Brief descriptive captions
■ ■ ■ ■ ■ ■ ■

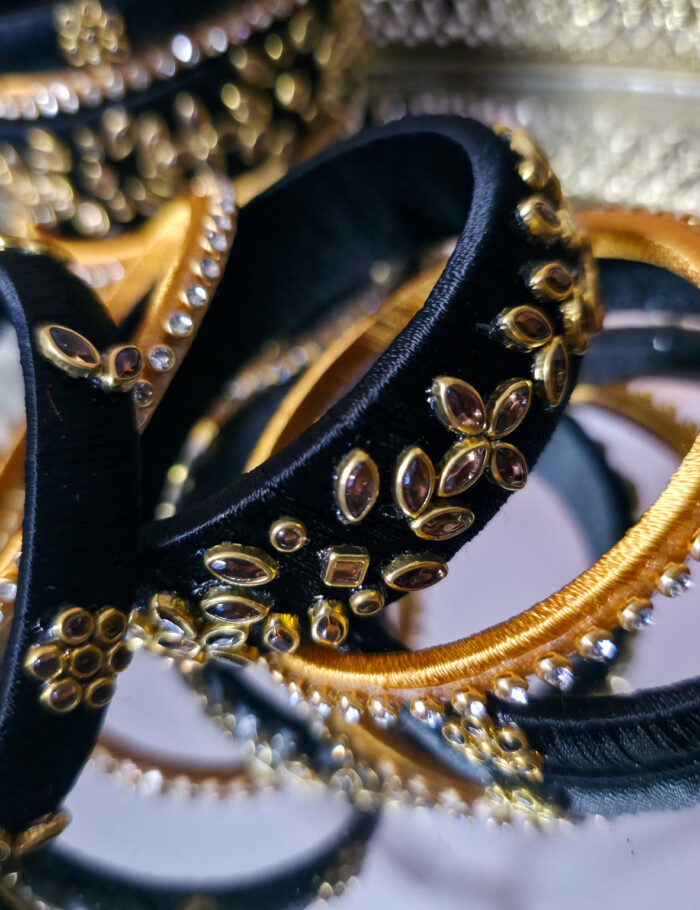 20251002_234014 Black and beige silk thread kundan bangle set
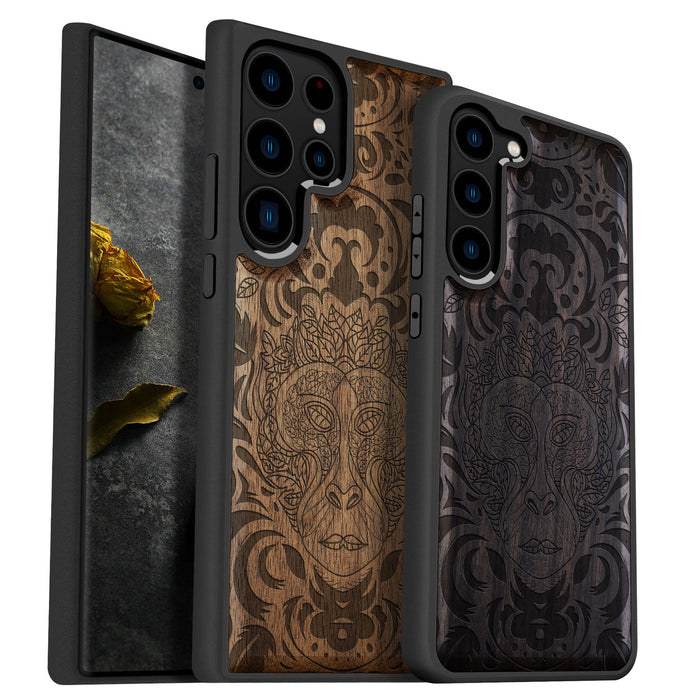 The Leafy Visage, Classic Engraved Wood & TPU Case - Artisanal Cover for Samsung Galaxy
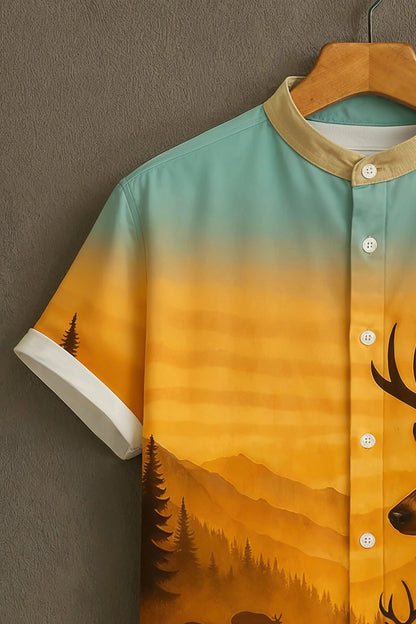 Sunset Deer Landscape Print Mandarin Collar Shirt for Men | Artistic Half Sleeve Casual Shirt
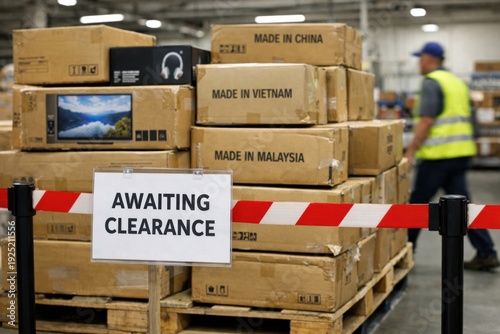 Awaiting Clearance Sign with Imported Goods Boxes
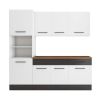Bucatarie Sofia 200 cm, Alb / Wenge, Blat termic nuc, Corp cuptor incorporabil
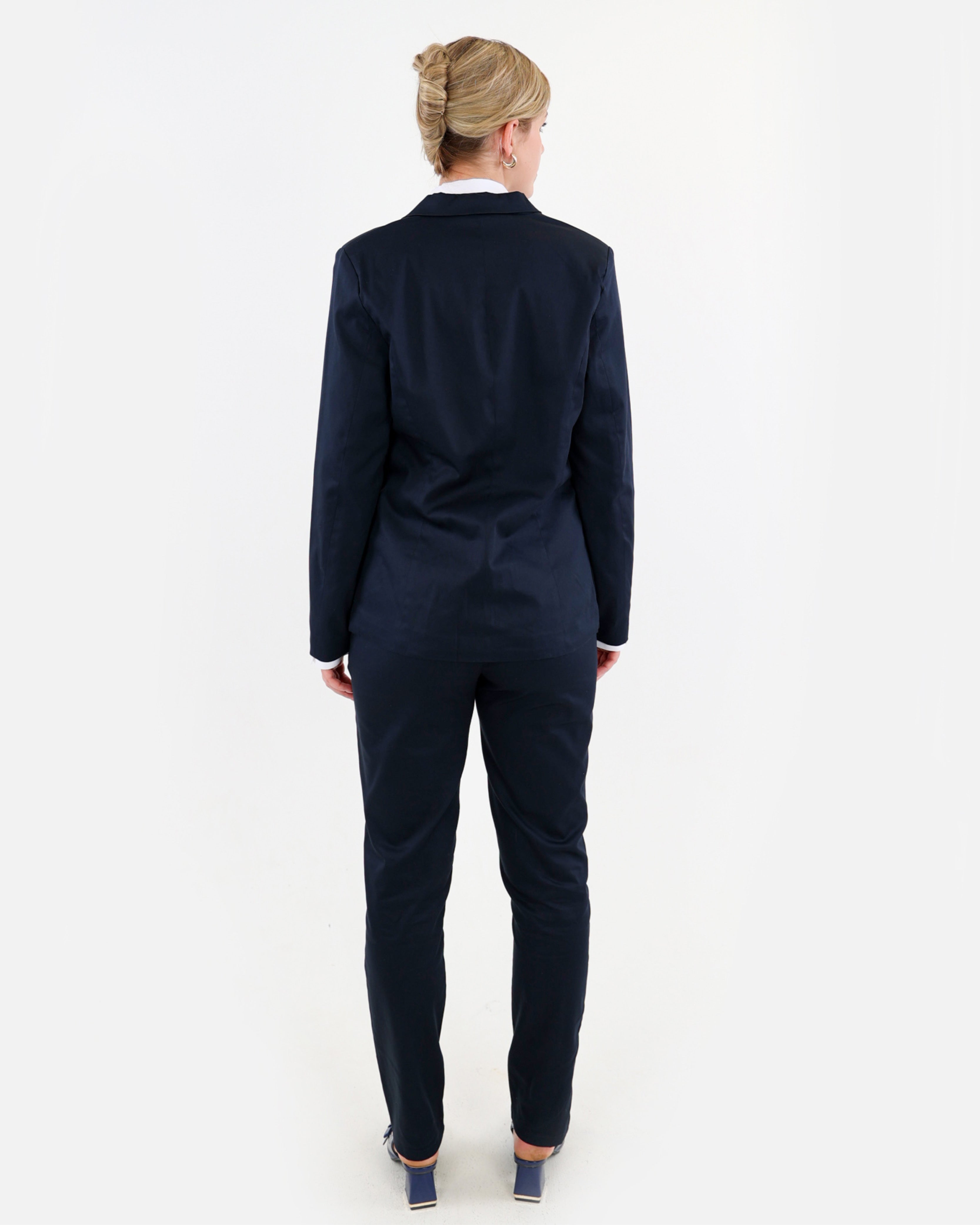 Navy Sateen Slim Leg Pants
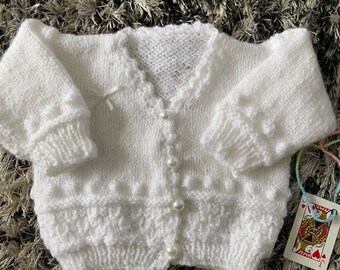 White Hand Knitted Baby Cardigan, Baby Sweater, Baby Jumper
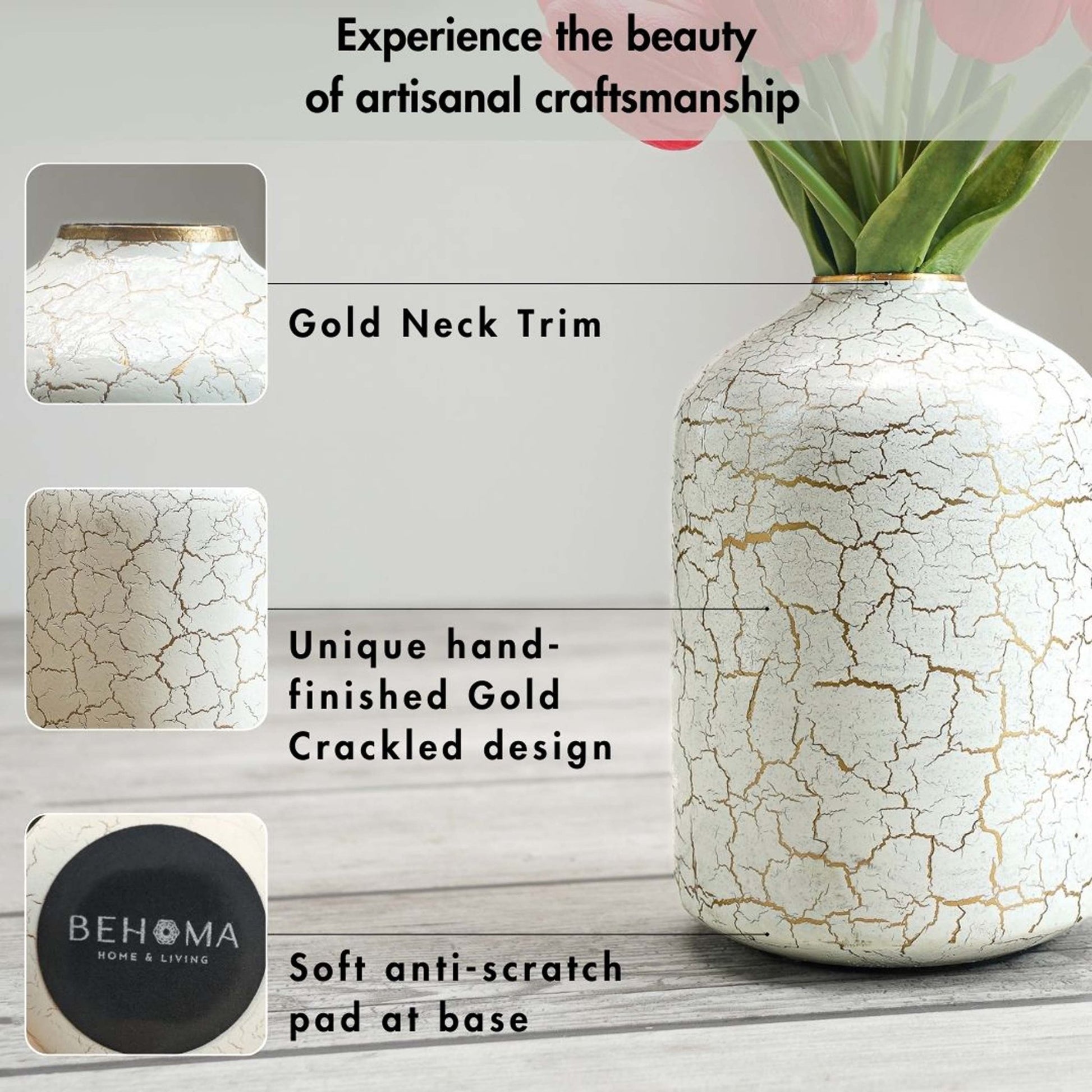 Metal Bottle Flower Vase - Behoma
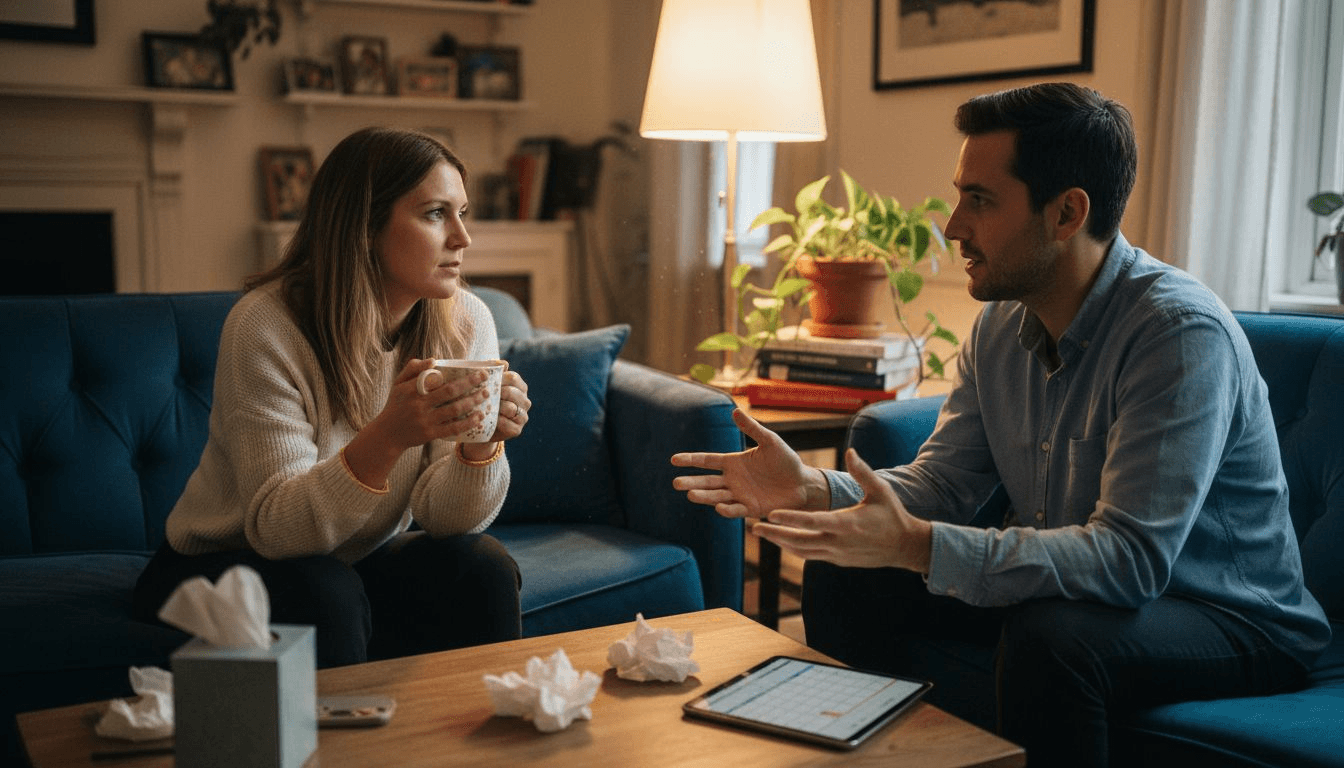 Couple discussing openly on home couch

■ ■ ■ ■ ■ ■ ■

(YOUR OBJECTIVE): All of the data gets printed again exactly; the pictures do not.

(WRITTEN REPLY):
 20251002_234014 Black and beige silk thread kundan bangle set
 The Leafy Visage, Classic Engraved Wood & TPU Case - Artisanal Cover for Samsung Galaxy
 Sunset Deer Landscape Print Mandarin Collar Shirt for Men | Artistic Half Sleeve Casual Shirt
 Awaiting Clearance Sign with Imported Goods Boxes
Bucatarie Sofia 200 cm, Alb / Wenge, Blat termic nuc, Corp cuptor incorporabil
 Navy Sateen Slim Leg Pants
 White Hand Knitted Baby Cardigan, Baby Sweater, Baby Jumper
 Metal Bottle Flower Vase - Behoma
 Couple discussing openly on home couch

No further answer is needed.